Traffic safety regulators unveiled guidelines Tuesday that would restrict the amount of time it takes to perform both simple and complex functions on a car’s entertainment and navigation systems.
Regulators also want to ban manual text entry and display of websites, social media, books and other text distractions while the car is moving.
Distracted driving is irresponsible and can have “devastating consequences,” said Transportation Secretary Ray LaHood, who announced the guidelines along with National Highway Traffic Safety Administrator David Strickland.
More than 3,000 people were killed and more than 387,000 were injured in crashes that involved distracted driving in 2011, LaHood said Tuesday.
The guidelines are voluntary and will be phased in over three years, with the possibility of incentives being given to automakers to comply.
But Clarence Ditlow, executive director of the Center for Auto Safety, a frequent NHTSA and auto industry critic, said the guidelines will do little to halt distracted driving.
“We’ve tried voluntary,” Ditlow said. “Voluntary doesn’t work.”

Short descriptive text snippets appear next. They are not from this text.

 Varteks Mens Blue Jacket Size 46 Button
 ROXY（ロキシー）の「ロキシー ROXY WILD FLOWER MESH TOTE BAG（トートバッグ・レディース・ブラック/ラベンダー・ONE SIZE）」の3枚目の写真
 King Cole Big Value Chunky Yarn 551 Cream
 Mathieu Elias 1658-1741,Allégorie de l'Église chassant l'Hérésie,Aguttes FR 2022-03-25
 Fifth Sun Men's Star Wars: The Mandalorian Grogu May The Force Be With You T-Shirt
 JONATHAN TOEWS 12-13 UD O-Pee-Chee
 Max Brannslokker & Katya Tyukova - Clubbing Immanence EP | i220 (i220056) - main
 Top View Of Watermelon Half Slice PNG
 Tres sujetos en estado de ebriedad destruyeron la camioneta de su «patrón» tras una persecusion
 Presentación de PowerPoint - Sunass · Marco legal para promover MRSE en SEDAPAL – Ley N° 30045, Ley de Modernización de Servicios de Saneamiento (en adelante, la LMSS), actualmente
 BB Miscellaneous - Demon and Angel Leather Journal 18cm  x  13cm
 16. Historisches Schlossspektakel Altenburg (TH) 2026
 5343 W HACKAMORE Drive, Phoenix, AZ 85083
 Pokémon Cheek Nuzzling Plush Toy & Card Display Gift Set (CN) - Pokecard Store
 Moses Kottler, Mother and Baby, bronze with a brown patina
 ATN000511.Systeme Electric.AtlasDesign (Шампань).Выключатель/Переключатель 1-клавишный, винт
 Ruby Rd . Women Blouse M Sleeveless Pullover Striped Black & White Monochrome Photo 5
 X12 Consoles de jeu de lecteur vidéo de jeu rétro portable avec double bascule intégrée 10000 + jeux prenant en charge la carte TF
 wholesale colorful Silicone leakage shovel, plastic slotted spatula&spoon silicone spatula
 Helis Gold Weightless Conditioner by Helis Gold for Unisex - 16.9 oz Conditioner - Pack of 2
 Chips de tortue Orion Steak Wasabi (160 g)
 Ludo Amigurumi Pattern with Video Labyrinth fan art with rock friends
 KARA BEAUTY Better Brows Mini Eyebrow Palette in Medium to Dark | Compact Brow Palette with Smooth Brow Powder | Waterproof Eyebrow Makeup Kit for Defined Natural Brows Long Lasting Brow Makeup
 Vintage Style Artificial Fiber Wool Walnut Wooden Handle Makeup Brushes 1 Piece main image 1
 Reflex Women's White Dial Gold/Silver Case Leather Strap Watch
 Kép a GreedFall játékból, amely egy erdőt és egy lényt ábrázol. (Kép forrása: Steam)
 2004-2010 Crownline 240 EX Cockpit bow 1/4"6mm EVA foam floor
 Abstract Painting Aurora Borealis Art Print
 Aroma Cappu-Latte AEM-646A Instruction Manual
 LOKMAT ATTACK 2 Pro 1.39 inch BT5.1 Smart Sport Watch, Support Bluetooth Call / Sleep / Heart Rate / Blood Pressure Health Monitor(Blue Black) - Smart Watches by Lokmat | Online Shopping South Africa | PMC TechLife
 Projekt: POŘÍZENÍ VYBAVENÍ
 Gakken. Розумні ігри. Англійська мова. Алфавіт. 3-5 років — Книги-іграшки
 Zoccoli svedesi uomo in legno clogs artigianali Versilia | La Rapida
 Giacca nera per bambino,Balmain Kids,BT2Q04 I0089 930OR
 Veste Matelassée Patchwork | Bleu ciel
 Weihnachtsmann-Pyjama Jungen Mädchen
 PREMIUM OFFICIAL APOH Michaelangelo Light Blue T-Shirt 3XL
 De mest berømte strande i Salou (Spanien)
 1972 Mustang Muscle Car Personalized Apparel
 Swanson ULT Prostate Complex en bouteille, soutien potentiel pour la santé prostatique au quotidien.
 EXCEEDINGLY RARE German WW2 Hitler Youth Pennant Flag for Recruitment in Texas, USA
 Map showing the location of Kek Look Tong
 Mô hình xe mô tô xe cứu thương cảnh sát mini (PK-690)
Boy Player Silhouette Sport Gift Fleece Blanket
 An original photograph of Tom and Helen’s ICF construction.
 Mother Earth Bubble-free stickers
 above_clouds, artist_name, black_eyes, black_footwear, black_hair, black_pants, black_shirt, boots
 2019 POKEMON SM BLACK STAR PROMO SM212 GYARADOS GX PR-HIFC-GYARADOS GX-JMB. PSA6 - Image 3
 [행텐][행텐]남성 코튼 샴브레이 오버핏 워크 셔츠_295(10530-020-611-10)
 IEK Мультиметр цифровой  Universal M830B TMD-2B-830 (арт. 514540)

NHTSA based the new guidelines on a study it conducted on distracted driving. The results showed that tasks requiring drivers to look at touch screens or hand-held devices increase the risk of getting into a crash by three times. Texting, web browsing and dialing a phone were the tasks that kept drivers’ eyes off the road the longest.
However, the study did not find an increased risk of a crash from just talking on a cellphone.
The new guidelines limit simple tasks to two seconds. They also restrict the time allowed for complex tasks to 12 seconds, but do not limit the number of times a driver can touch a screen.
The auto industry’s current guidelines, which are a decade old, allow drivers to read text and perform other more complex tasks while cars are moving at less than 5 mph.